Forum Moderators: open
1st site:
First Deepcrawl picked up all 77 products (id=1 thru id=77)
2nd site:
Has been through 3 deepdrawls and to date has yet to have any product detail pages (abc=00001-99999) indexed. It should be noted that I used a 3-digit identifier here that doesn’t contain “id”, whereas I used the actual “id=” on the 1st site. In addition, both sites have fewer than 100 products; I just used a 5-digit product id numbering convention on this 2nd site.
On May 9th, Freshbot grabs a new product added to the DB. The kicker is I didn’t have a new product id at the time, so I assigned it a “0”. So Freshbot grabbed a “product-detail.asp?abc=0”.
My Opinion:
It appears that at least on newer sites, Deepbot & Freshbot initially shy away from large ID numbers. Makes sense, they must think there’s perhaps more work there than they ready to commit to yet on a new customer.
Whenever possible, start ids at “id=1” instead of “id=10000”. Nice lesson from Freshbot & more DB work to do before the crawlers return. I feel like the next Deepcrawl will pick up my “id=10000”s, but it’s another long wait if he doesn’t.
Google itself states that indexing of dynamic pages is dictated by a number of factors including PR and site size (I think....possibly I read that somewhere else). How big are your sites?

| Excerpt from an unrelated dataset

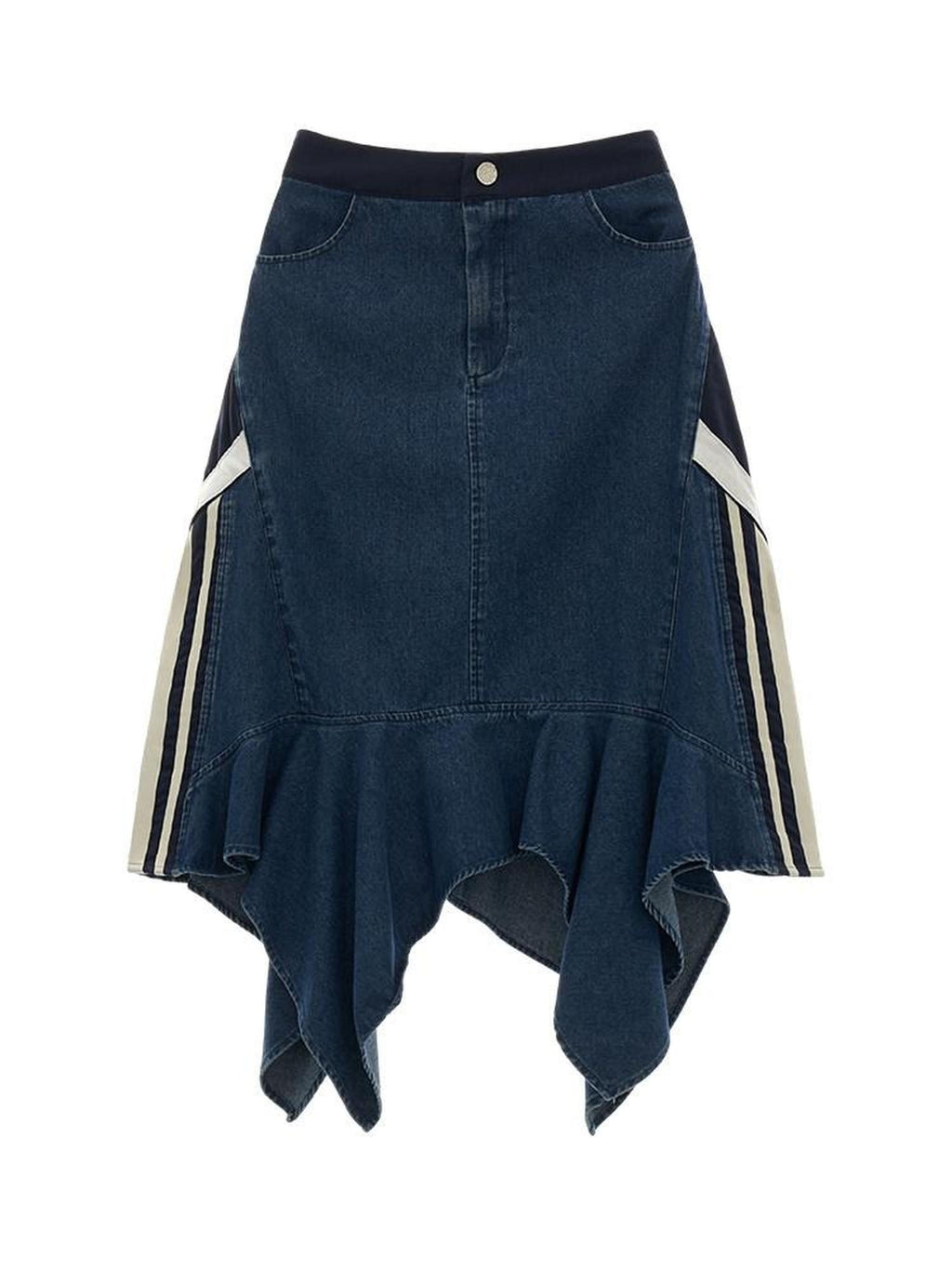 MAMC Soft Cotton Blend Asymmetric Mid Waist Office Minimalist Blue Midi Skirts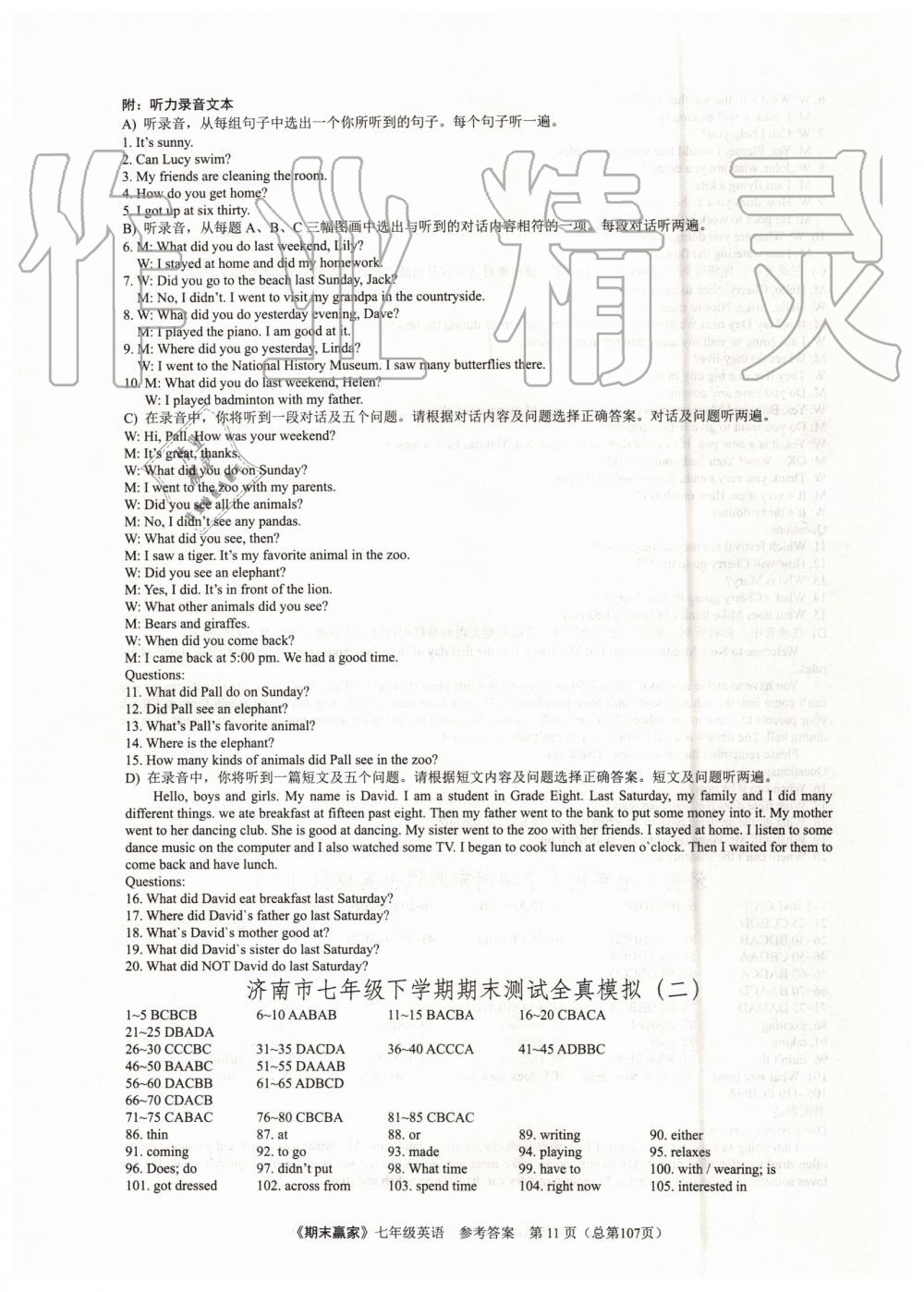 2019年期末贏家七年級英語下冊濟南地區(qū)專用 第11頁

Could that have something to do with it? Or I guess it could be that the cut-off is between 7 and 12 characters.
They both went online with around 75 pages. The 2nd older site (PR4, should be PR5 this update but who knows now) has put on 10 more static pages and many more backlinks but the products on both hover under 100.
It's just odd that Freshbot ONLY grabbed the first product detail page ever off of the site & it had a new anamoly id of one digit with product detail links all around it with 5 digit ids. Freshbot has returned since the first grab and only grabbed the one digit id again.
I'd say there are very high odds it's just a coincidence, but it just might expedite indexing of a new dynamic site if one starts at "id=1" whenever possible, couldn't hurt.
Freshbot is at the moment picking up all of these changed 2-digit id product detail urls/pages. And it's not because it's fresh w/ the digit change: these product detail URLs are dynamically generated and change frequently; Freshbot (& Deepbot) never gave them a look until that accidental "id=0".
I wonder if using 'id' has anything to do with it?
Didn't appear to here as I changed only the digits on id# & left the "abcID=" format intact.
This APPARENTLY had an effect on Freshbot as he is now so aroused he's disobeying the robots.txt and gobbling up disobeyed duplicate product detail pages (same product, different picture, different disobeyed page).